Hay quienes se quejan por la censura en los medios de comunicación, pero Radio Jai no pudo comprobar nada parecido. Los canales de noticias, diarios, portales y radios de todos los formatos tecnológicos es incontable. Cada uno tiene sus propias opiniones y a veces son muy distintas en el mismo medio. Seguramente alguna información de seguridad nacional no trasciende ni se deja trascender, pero -en fin- hay una guerra.
Incluso más. A diario hay protestas frente a la casa del Primer Ministro que curiosamente está sobre la calle Aza (Gaza), en Jerusalem. Cuando empezaron, se podía llegar hasta la puerta. Con el paso de los días se le puso un cordón de seguridad a una cuadra y media.
Hasta ahí llegan los manifestantes con sus altoparlantes cantando consignas contra Netanyahu (“vos sos responsable”). Una vez por semana, generalmente los sábados por la noche, las movilizaciones son multitudinarias. A veces, también, se juntan para ir a protestar a Cesárea, donde está la casa particular del primer ministro, donde suele estar su esposa y su hijo.
Es que en el Estado de Israel se vive en democracia. Imperfecta, como cualquier otra, pero con la guerra los israelíes seculares ya no temen porque se termine el respeto de sus libertades ante el avance de los sectores ultraortodoxos en el gobierno.
Cómo sigue esto
En medio de esta fenomenal crisis, Netanyahu dio marcha atrás con la reforma judicial, dándole la razón a los que protestaban por esa avanzada que no tenía otro sentido que fortalecer a los sectores menos democráticos de la sociedad a cambio de sostenerlo en el poder. Hoy, él mismo no sabe si continuará o no cuando se termine esta crisis, que promete ser larga. Pragmático, ambicioso y audaz, es capaz de lograrlo.
Pero nadie sabe cuánto tiempo llevará el regreso a la normalidad. Quienes protegen el territorio israelí en la frontera con el sur del Líbano, tomado por la organización terrorista Hezbollah, temen siempre lo peor. “En cinco minutos puede estallar la guerra aquí, la tensión se siente en el aire y desde el otro lado tiran cohetes día por medio, esperando nuestra reacción intempestiva”, asegura el reservista Guidi Harari, líder del grupo de emergencias de un moshav (comunidad similar al kibutz, aunque con propiedad privada) ubicado junto a la reserva natural de Hermon Stream (Banias), y a 2.5 km. del Líbano.

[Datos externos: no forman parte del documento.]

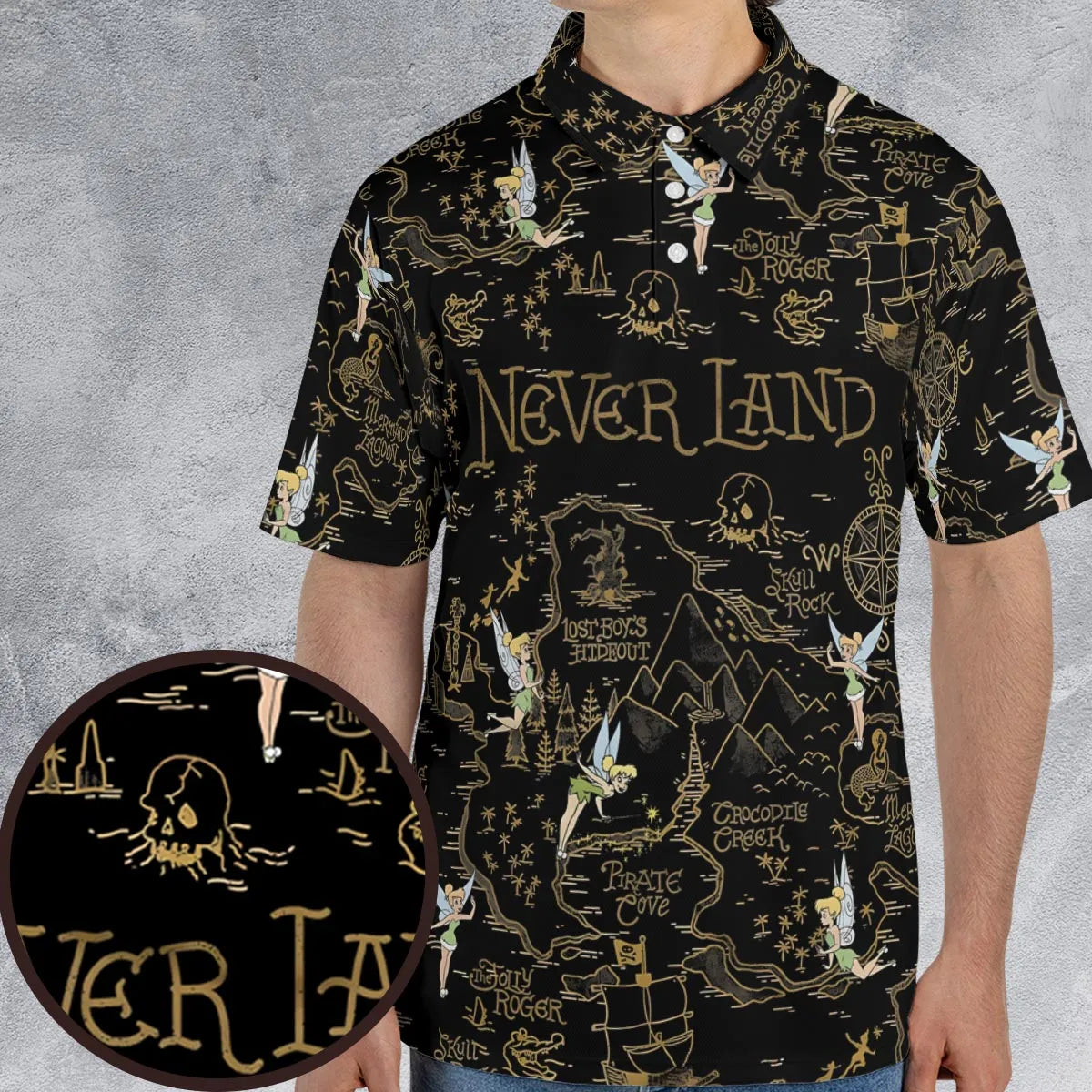 Finding Neverland Tinker Bell AOP Men/Women Polo Shirt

Mientras tanto, el pueblo israelí sigue viviendo. No percibí que tuvieran miedo a morir, sino a la muerte del ser querido. Están desesperados por los rehenes. Aún los más fríos pretenden que el ejército solo destruya los túneles o edificios donde hayan comprobado que no haya secuestrados. Pero la espera se está haciendo insoportable y mina el ánimo.
No tanto, de todos modos. Primero, por la ya conocida resiliencia de este pueblo que viene cargando las cargas más pesadas en su extenso caminar por la humanidad. Pero también porque aman su Estado, ese pequeño territorio de democracia occidental rodeado de muchos que quieren que el Estado de Israel desaparezca.
Es que los israelíes todos los días lo eligen para vivir, ellos y sus hijos. Vienen de infinitas diásporas, tantas, que ahora no se van a mover de donde están. Quizás por eso siguen ahí y no se van. Incluso vuelven muchos de los que estudiaban o trabajaban en el exterior.
¿A qué? A defender a Israel y defenderse: contra amenazas, muertes e incomprensiones. En fin. A seguir peleando contra el antisionismo, que en el siglo XXI, es el antisemitismo que tienen que padecer.